→ **Provided material**:
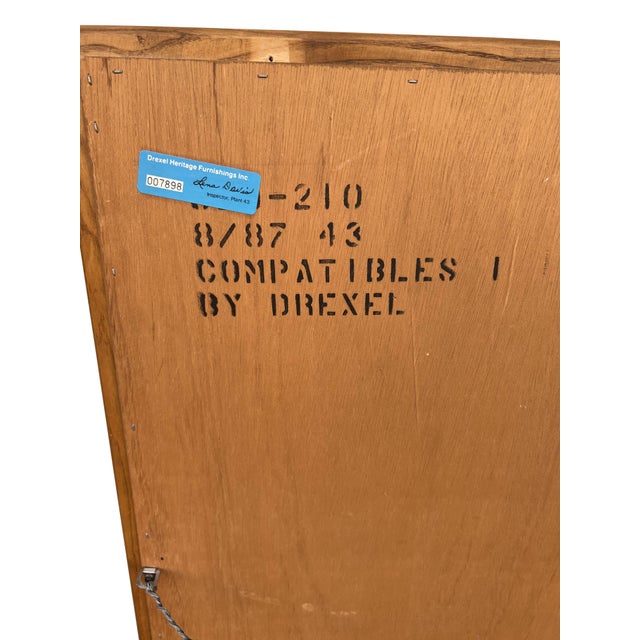 Drexel Compatibles Wall Mirror For Sale - Image 11 of 12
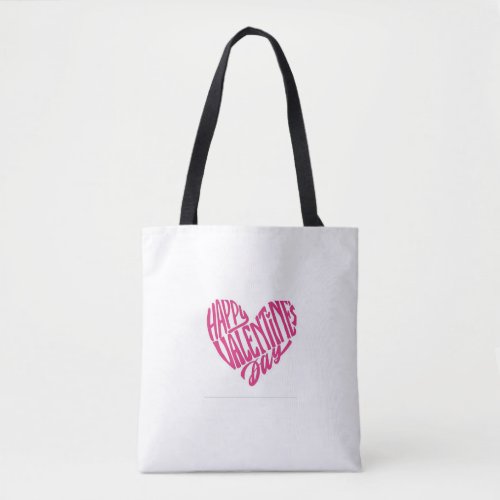 Valentines Day tote bag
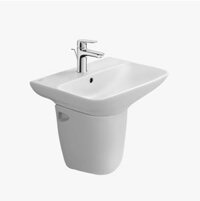 Chậu Lavabo Inax AL-289V/L-288VC Chân Treo Tường Aqua Ceramic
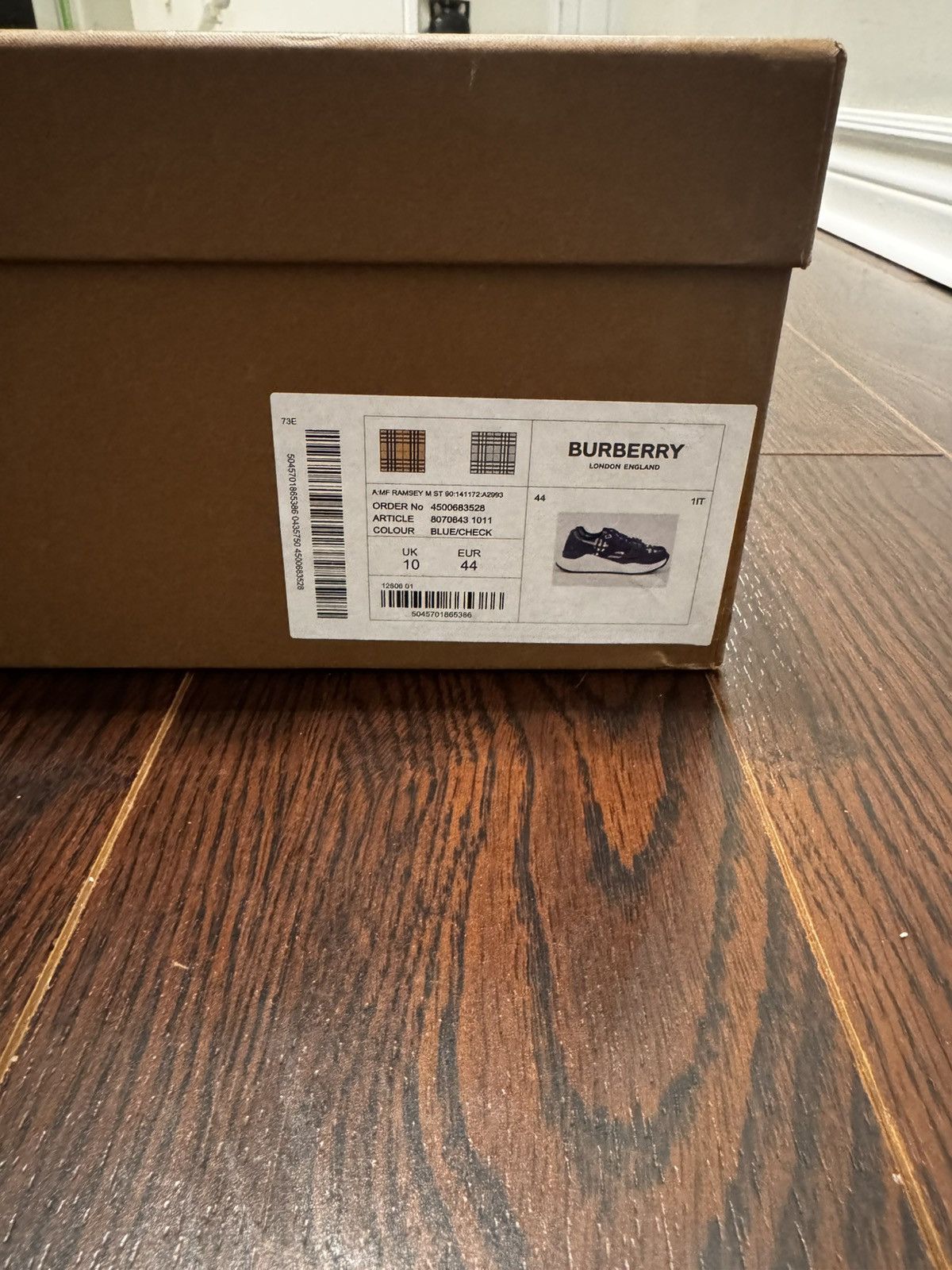 Burberry Burberry ramsey Size US 11 / EU 44 - 4 Thumbnail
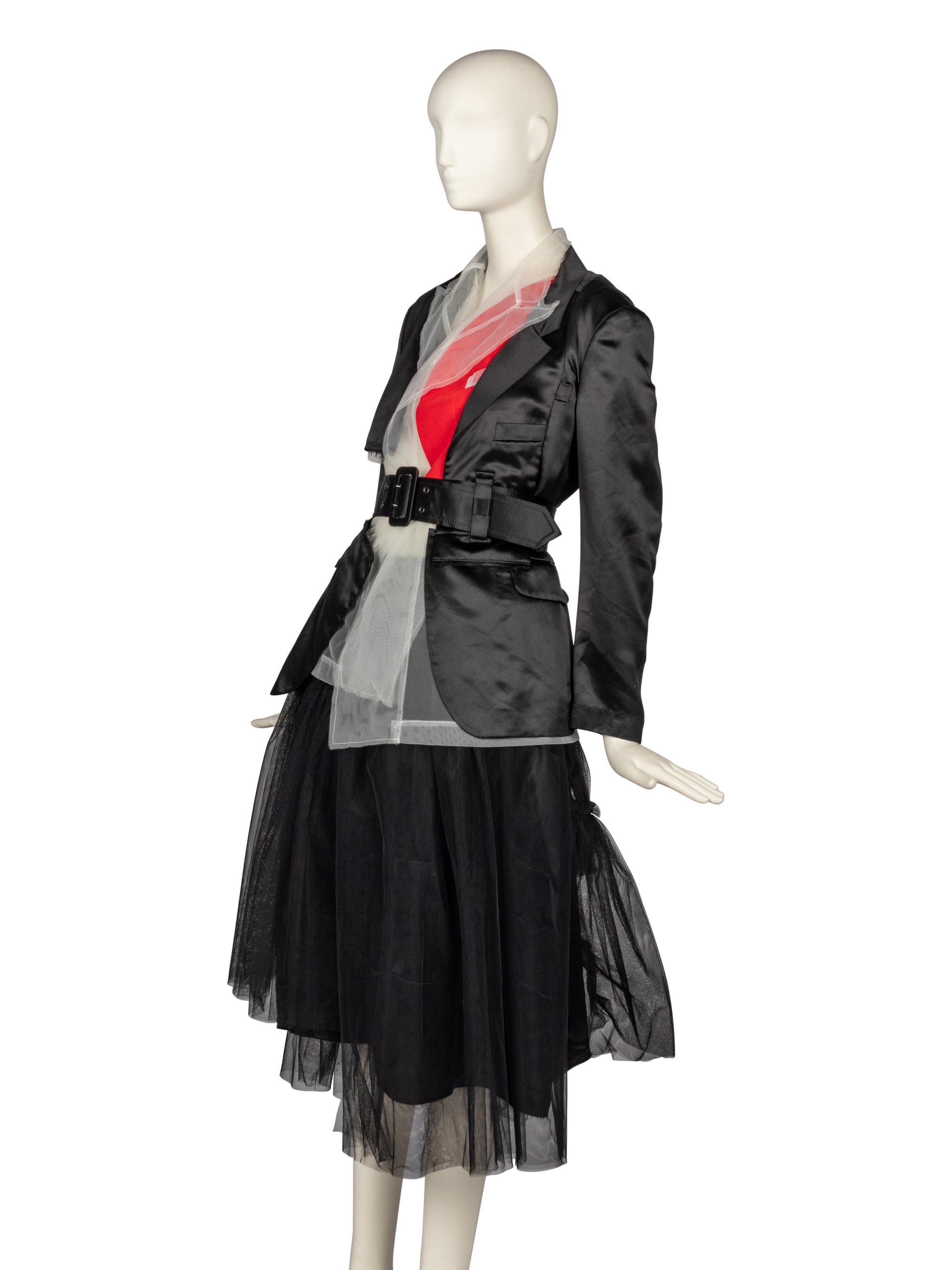 Comme des Garçons, Rising Sun Jacket & Skirts, 2007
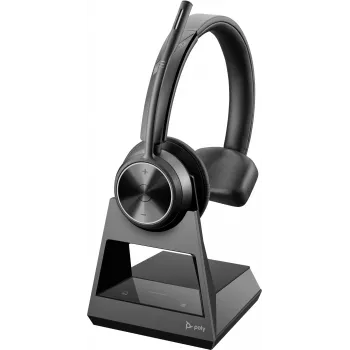 HP Poly Savi 7310 UC vienas auss DECT 1880-1900 MHz austiņas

→ **Exercise instructions**: Leave the pictures out and copy the rest of the data exactly.

→ **Final answer**:
 Drexel Compatibles Wall Mirror For Sale - Image 11 of 12
 Valentines Day tote bag
 Chậu Lavabo Inax AL-289V/L-288VC Chân Treo Tường Aqua Ceramic
 Burberry Burberry ramsey Size US 11 / EU 44 - 4 Thumbnail
 Comme des Garçons, Rising Sun Jacket & Skirts, 2007
 HP Poly Savi 7310 UC vienas auss DECT 1880-1900 MHz austiņas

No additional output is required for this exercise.